A Shareholder entitled to attend and vote at the Meeting may appoint a natural person as the Shareholder's proxy to attend and vote for the Shareholder at that Meeting. If the Shareholder is entitled to cast 2 or more votes at the Meeting the Shareholder may appoint not more than 2 proxies. Where the Shareholder appoints more than one proxy the Shareholder may specify the proportion or number of votes each proxy is appointed to exercise. If such proportion or number of votes is not specified each proxy may exercise half of the Shareholder's votes. A proxy may, but need not be, a Shareholder of the Company.

If a Shareholder appoints a body corporate as the Shareholder’s proxy to attend and vote for the Shareholder at that Meeting, the representative of the body corporate to attend the Meeting must produce the Certificate of Appointment of Representative prior to admission.

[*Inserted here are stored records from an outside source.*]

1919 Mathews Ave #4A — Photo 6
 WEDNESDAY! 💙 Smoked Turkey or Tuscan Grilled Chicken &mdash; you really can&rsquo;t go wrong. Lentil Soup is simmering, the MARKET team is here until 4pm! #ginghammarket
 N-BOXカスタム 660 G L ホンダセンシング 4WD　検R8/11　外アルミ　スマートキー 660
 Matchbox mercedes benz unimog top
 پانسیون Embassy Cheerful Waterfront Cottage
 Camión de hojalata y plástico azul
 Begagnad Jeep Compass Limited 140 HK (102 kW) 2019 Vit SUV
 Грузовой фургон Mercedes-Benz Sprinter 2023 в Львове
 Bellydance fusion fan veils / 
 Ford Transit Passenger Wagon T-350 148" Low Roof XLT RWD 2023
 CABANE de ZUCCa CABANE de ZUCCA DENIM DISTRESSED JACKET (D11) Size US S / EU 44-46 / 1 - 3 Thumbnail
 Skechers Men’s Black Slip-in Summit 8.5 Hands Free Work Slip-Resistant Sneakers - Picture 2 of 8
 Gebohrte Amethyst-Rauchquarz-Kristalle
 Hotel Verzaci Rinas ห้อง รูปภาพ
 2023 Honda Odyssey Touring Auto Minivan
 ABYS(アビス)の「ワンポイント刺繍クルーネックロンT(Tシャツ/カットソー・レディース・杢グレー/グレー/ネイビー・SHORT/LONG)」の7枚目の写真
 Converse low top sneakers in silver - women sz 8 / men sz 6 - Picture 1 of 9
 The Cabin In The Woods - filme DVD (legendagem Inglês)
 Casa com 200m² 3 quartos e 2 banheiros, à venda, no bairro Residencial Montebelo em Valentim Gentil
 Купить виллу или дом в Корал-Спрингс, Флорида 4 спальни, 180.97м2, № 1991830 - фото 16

A form of the certificate may be obtained from the Company’s share registry.

You must sign this form as follows in the spaces provided:

Joint Holding: where the holding is in more than one name all of the holders must sign.

Power of Attorney: if signed under a Power of Attorney, you must have already lodged it with the registry, or alternatively, attach a certified photocopy of the Power of Attorney to this Proxy Form when you return it.

Companies: a Director can sign jointly with another Director or a Company Secretary. A sole Director who is also a sole Company Secretary can also sign. Please indicate the office held by signing in the appropriate space.

If a representative of the corporation is to attend the Meeting the appropriate "Certificate of Appointment of Representative" should be produced prior to admission. A form of the certificate may be obtained from the Company’s Share Registry.

Proxy Forms (and the power of attorney or other authority, if any, under which the Proxy Form is signed) or an electronic copy or facsimile which appears on its face to be an authentic copy of the Proxy Form (and the power of attorney or other authority) must be deposited at or received electronically by e-mail or by facsimile transmission at the Perth office of the Company (Level 9, 28 The Esplanade, Perth WA 6000), or by post to PO Box Z5083, Perth WA 6831, or by e-mail to [email protected] or by facsimile to (08) 9322 6558 if faxed from within Australia or +61 8 9322 6558 if faxed from outside Australia) not less than 48 hours prior to the time of commencement of the Meeting (WST).